Credit:Dorothy Priske

In one kitchen cooler, a large piece of pork hindquarter hangs with the telltale layer of lard covering the open cut, a whole prosciutto emanating a sweet, musky odor. In another you'll see a foreleg, coppa, that carries a similar olfactory punch.

Nearby you may see a head. "We usually do get the whole animal," says Michael Pruett of Steenbock's on Orchard. "The off cuts, I'll grind them and make sausage."

That area kitchens get whole chickens and ducks comes as little surprise. But whole goats, hogs? Even whole beef? This was not always typical.

"You can pull tenderloins from vacuum-packed bags, grill them and serve them," says Daniel Fox of the Madison Club. "It's not why I started cooking."

Fox "breaks down" the entire carcass of a hog, a goat or a lamb, rather than ordering individual cuts. Part of this follows from his hobby of raising pork for his kitchen. Part simply flows from a point of view increasingly common among Fox and his peers in the culinary world, and among local chefs Fox names: Tory Miller at L'Etoile; Jon Nodler, the sous chef at Merchant; the Hunter brothers at Underground Food Collective; and Francesco Mangano at Osteria Papavero. "He's taught me quite a bit," says Fox of Mangano. "He has quite a following for offal meats. I have a lot of respect for him."

These local cooks are not alone. Harvest Restaurant has used whole hogs, including an effort for an October dinner to serve entrees that drew from every part of a hog. At Promega Corporation, a Fitchburg biotechnology company, sous chef Pete Kelly and chef Nate Herndon also cure cuts from hogs.

Kelly credits gastropubs with starting the movement, although those kitchens usually took the organs and meat pre-cut, not as whole animals. About five years ago, Kelly began to see whole pigs delivered to kitchens like L'Etoile, where he worked as sous chef.
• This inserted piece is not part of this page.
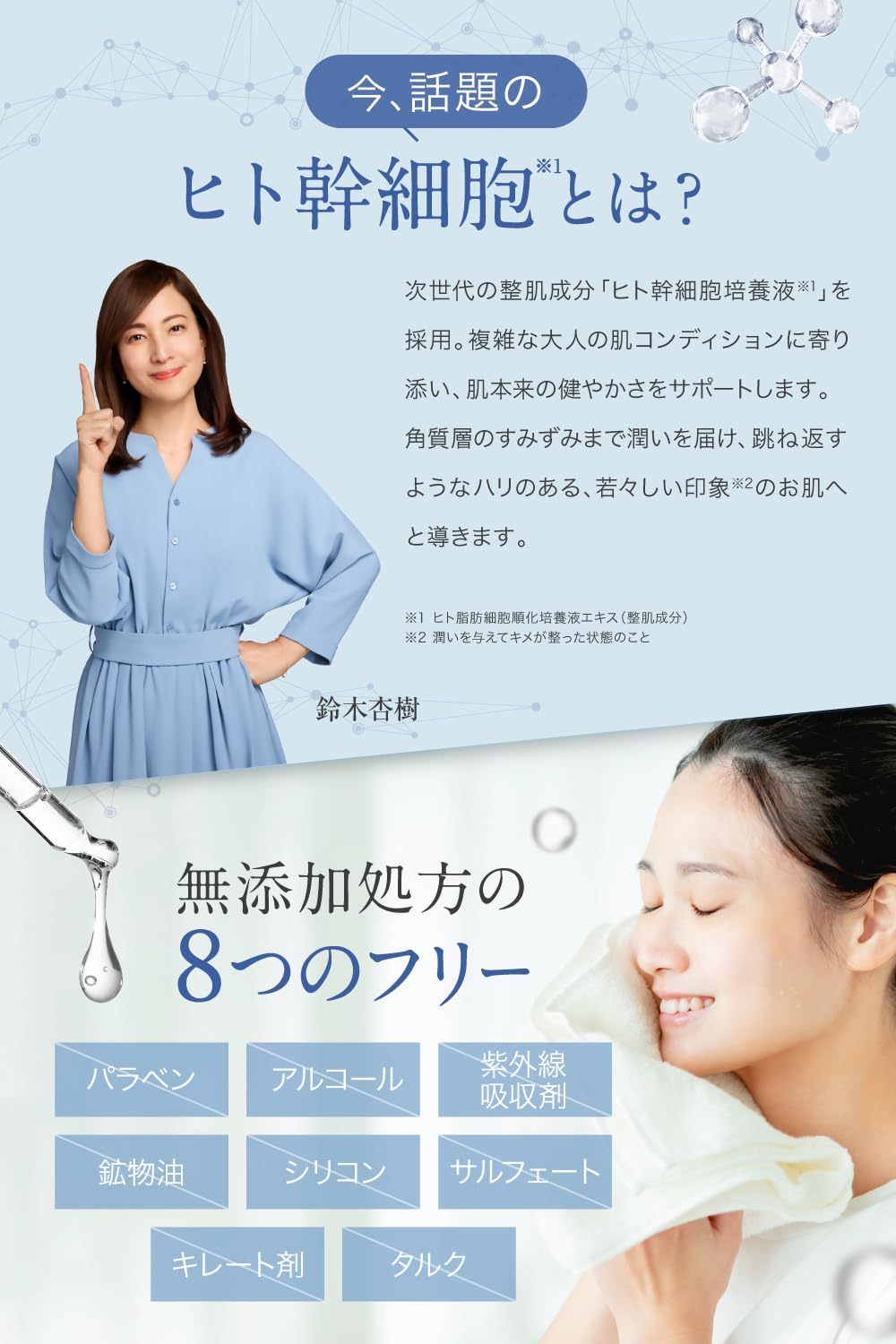 Amazon.co.jp: NANOA Peeling Gel: Dermatologist-Recommended Human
The trend neatly joins the need to balance ledgers with creative culinary challenges, Old World sensibility, and farm-to-table values.

Kelly and Herndon cut up a small pig carcass last week. Front legs received a spice rub and a 20-hour stay in a smoker. Back legs became hams, bellies bacon. The head was boiled with chiles and spices for use in pozole, a rich Mexican soup with hominy.
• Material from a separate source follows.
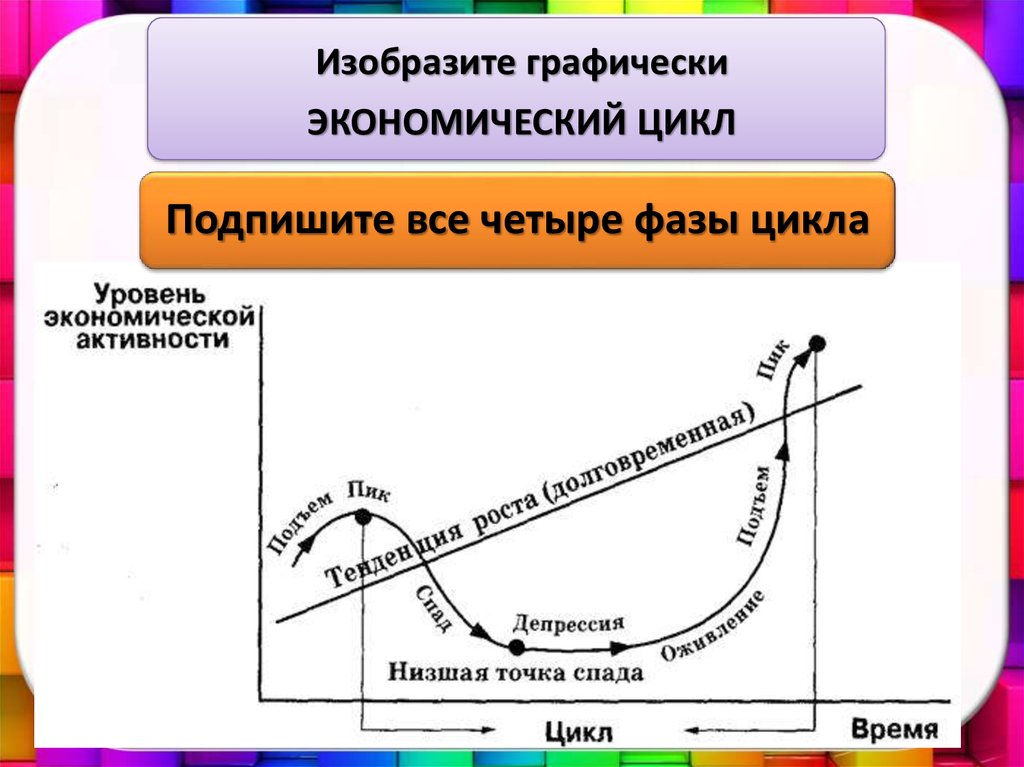 Циклы экономики россии. Экономический цикл. Экономический цикл рисунок. Бум экономического цикла. Экономический цикл связан с.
When a kitchen uses everything from an animal, the appeal is obvious: "It's more economical," says Kelly. A typical quality pork source may charge around $5.25 a pound for a host of cuts. A medium-sized, whole carcass will come in around $2.50 a pound.

Breaking down an ungulate carcass also pays homage to traditional cookery. "It's really out of respect for what I do," Fox offers. "I grew tired of not using everything. It hurts to see people trim meat and throw [scraps] in the garbage."

Fox learned to use whole carcasses from farmers and chefs. A friend in North Dakota, he says, walked him through using whole lambs - stuffing pillows with wool, curing and hanging decorative hides and producing a range of dishes from the meat, bones and cartilage.

For Fox, it generates an array of ingredients. Legs may go for prosciutto and coppa. Loins will be dry cured and sliced thin for lomo embuchado. Fatback will be processed into lardo, skin into chicharrones. Kidneys and livers will be ground in paté, and the heart may be cured, pickled and smoked for various dishes.

Then, of course, there's the head cheese. The head, the trotters (feet), stomach, bladder and more will be simmered awhile. Blood will be stirred in, bones and cartilage pulled out, and a thick broth will be reduced and packed with the meaty extras, then chilled. It thickens nicely. "That base has a lot of collagen," observes Kelly of his boiled head broth.

Lamb and goat can be a bit more challenging, notes Fox, because the organs can be gamey. He will soak organs in buttermilk, milk or cream and rinse them, sometimes through several cycles, to pull the iron flavor from the flesh.

Heads of lambs and goats yield good meat from cheeks, tongues, even brains. Some is used in patés or aspics for soups and sauces.

Some is not. "If it's for a special occasion," notes Fox, "I'll roast the whole lamb's head and serve it."